Thanks for any thoughts or comments.


----------



## DaveS (Mar 18, 2014)

Hello,

    My understanding is that 4 cores is probably the sweet spot for lightroom.   Cpu clock frequency is probably more important (given a similar technology over a generation or two of processors, 4th GEN Core i processors do more work per clock tick than Core 2Duo's did, and in turn, they did more work with a slower clock speed than the Pentium 4 could).

For comparison, I took a folder of a dozen 16 MPixel images (yah, I know, they are smaller), deleted the 1-1 previews.   Then asked Lightroom to build 1-1 previews for the folder, it took 20 seconds or so.   So a little under 2 seconds per photo.   I'm on a core i7-4770 (4x3.4Ghz cores (with hyperthreading enabled)), with 24GB of Ram, and a 240GB SSD (although the catalog and images live on spinning mirrored disk).   CPU load on the box averaged between 35 and 40%.

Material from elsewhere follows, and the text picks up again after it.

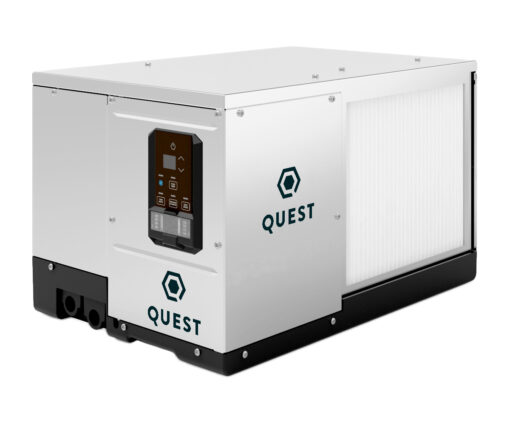 Quest 100 High-Efficiency Dehumidifier, 120V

   The last time I tested when my catalog (and previews) were on the SSD, it was only a second or so difference in total time.


----------



## dhazeghi (Mar 18, 2014)

DaveS said:


> For comparison, I took a folder of a dozen 16 MPixel images (yah, I know, they are smaller), deleted the 1-1 previews.   Then asked Lightroom to build 1-1 previews for the folder, it took 20 seconds or so.   So a little under 2 seconds per photo.   I'm on a core i7-4770 (4x3.4Ghz cores (with hyperthreading enabled)), with 24GB of Ram, and a 240GB SSD (although the catalog and images live on spinning mirrored disk).   CPU load on the box averaged between 35 and 40%.
> 
> The last time I tested when my catalog (and previews) were on the SSD, it was only a second or so difference in total time.

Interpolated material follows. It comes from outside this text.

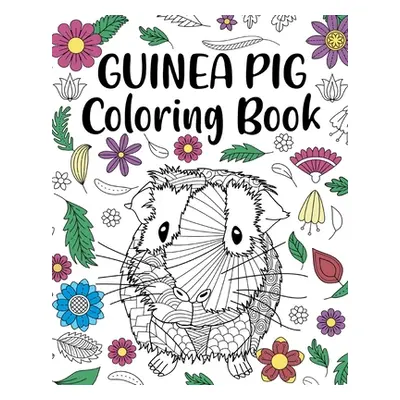 "Guinea Pig Coloring Book" - "" ("Paperland")(Paperback)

Thanks for the comments and the results!  That sounds about like what I would have expected.  I would be pretty happy with under 2 second/image, though of course faster is always better!


----------



## Jknights (Mar 19, 2014)

My 8core MacPro does not outperform my 4 cores Macbook Pro until you get to doing complex editing in Photoshop.  In LR they both seem to perform well enough and the MacPro has no advantage except on disk I/O.


----------



## dhazeghi (Mar 19, 2014)

Jknights said:


> My 8core MacPro does not outperform my 4 cores Macbook Pro until you get to doing complex editing in Photoshop.  In LR they both seem to perform well enough and the MacPro has no advantage except on disk I/O.



Thanks for the feedback.

I don't suppose there's any chance this might change in the next major Lightroom release?  It seems a shame to leave all those extra cores essentially idle.


----------



## dhazeghi (Mar 20, 2014)

Well, I've just done my own test, with 1-4 cores enabled on my system (no TurboBoost, so CPU frequencies are constant, no HyperThreading either).  Also tested on 4 cores with HT and TB enabled/disabled.  Results of importing 25 RAW images and rendering 1:1 previews, in seconds:

1 core: 260
2 core: 144
3 core: 116
4 core: 104
4 + HT: 111
4 + HT + TB: 99
4 + TB: 94

In theory, you can get up to a 2x gain from doubling the number of cores.  From 1 to 2 cores, there's a 1.81x speedup, which is fairly close.  From 2 to 4 cores though, the speedup is only 1.38x.  So it seems LR is not doing nearly as effective a job of using the additional cores above 2 cores.  Judging from what other folks have said, the improvements above 4 cores are even smaller.


----------



## Cowboy (Mar 20, 2014)

One thing we all have to keep in mind is that depending on the application system design there is a logical limit on the number of functions that can be performed concurrently. To clarity, some functions cannot be broken down into multiple component parts and performed concurrently. Others can be divided into 2 or more running tasks, but if they share the same files there may be increased overhead and other things such as disk reading and writing that will become a bottleneck. Increasing the performance of any computer application is an art in itself, and requires that you investigate all aspect of the system and weed out the bottlenecks. That said, a fast multicore processor and a solid state disk drive are good place to start, but make sure that disk drive is on a controller that can take advantage of the increased disk speed.


----------



## dhazeghi (Mar 21, 2014)

Cowboy said:


> One thing we all have to keep in mind is that depending on the application system design there is a logical limit on the number of functions that can be performed concurrently. To clarity, some functions cannot be broken down into multiple component parts and performed concurrently. Others can be divided into 2 or more running tasks, but if they share the same files there may be increased overhead and other things such as disk reading and writing that will become a bottleneck. Increasing the performance of any computer application is an art in itself, and requires that you investigate all aspect of the system and weed out the bottlenecks. That said, a fast multicore processor and a solid state disk drive are good place to start, but make sure that disk drive is on a controller that can take advantage of the increased disk speed.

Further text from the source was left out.